WORK REQUIRED:
Exact copy, pictures excluded: the lines from the one containing "Handmade women's bracelet" to the end of the listing.

COLLECTED MATERIAL:
▽
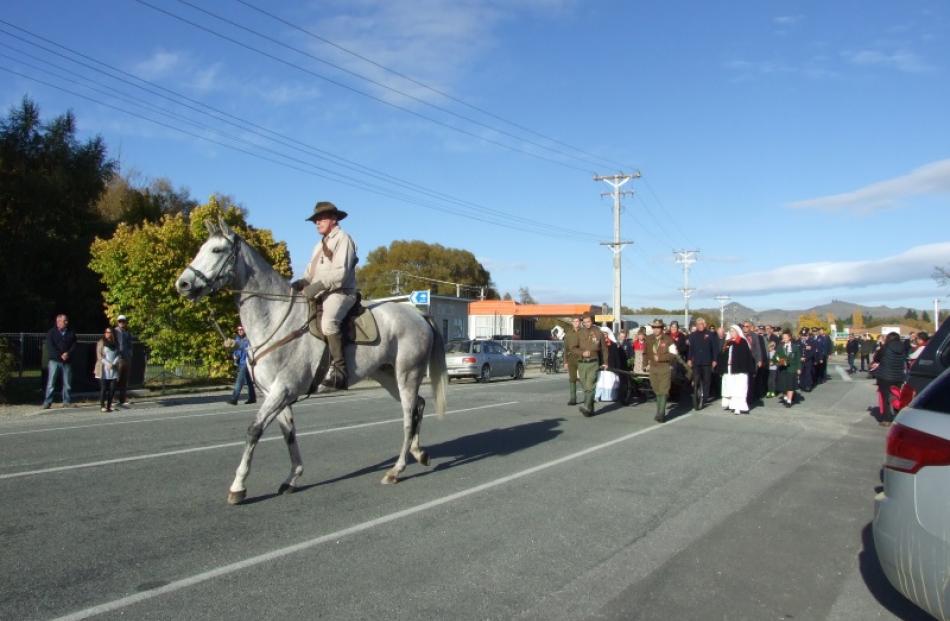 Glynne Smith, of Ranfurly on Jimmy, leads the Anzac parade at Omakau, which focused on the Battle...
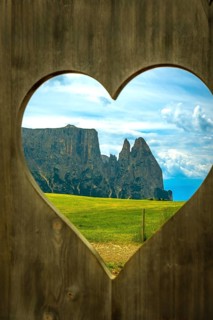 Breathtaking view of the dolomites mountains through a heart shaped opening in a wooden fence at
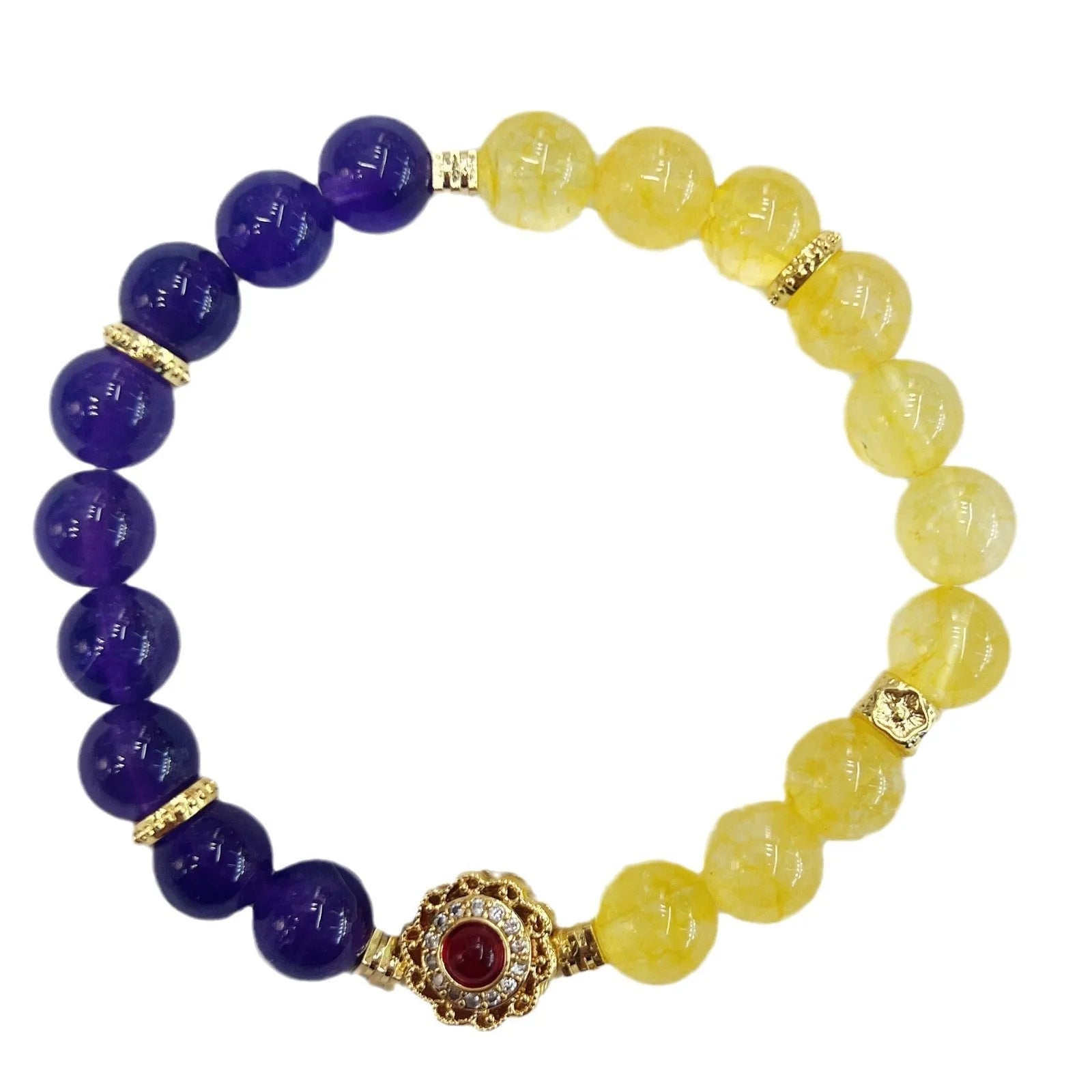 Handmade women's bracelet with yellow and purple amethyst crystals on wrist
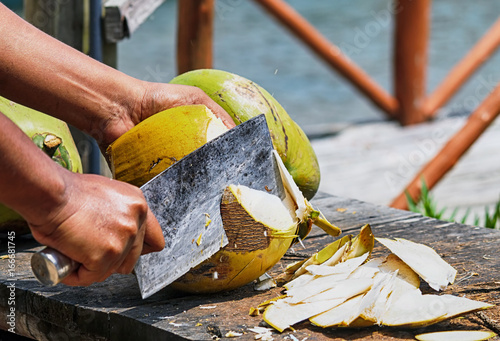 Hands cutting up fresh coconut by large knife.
△
RESPONSE AREA:
 Handmade women's bracelet with yellow and purple amethyst crystals on wrist
 Hands cutting up fresh coconut by large knife.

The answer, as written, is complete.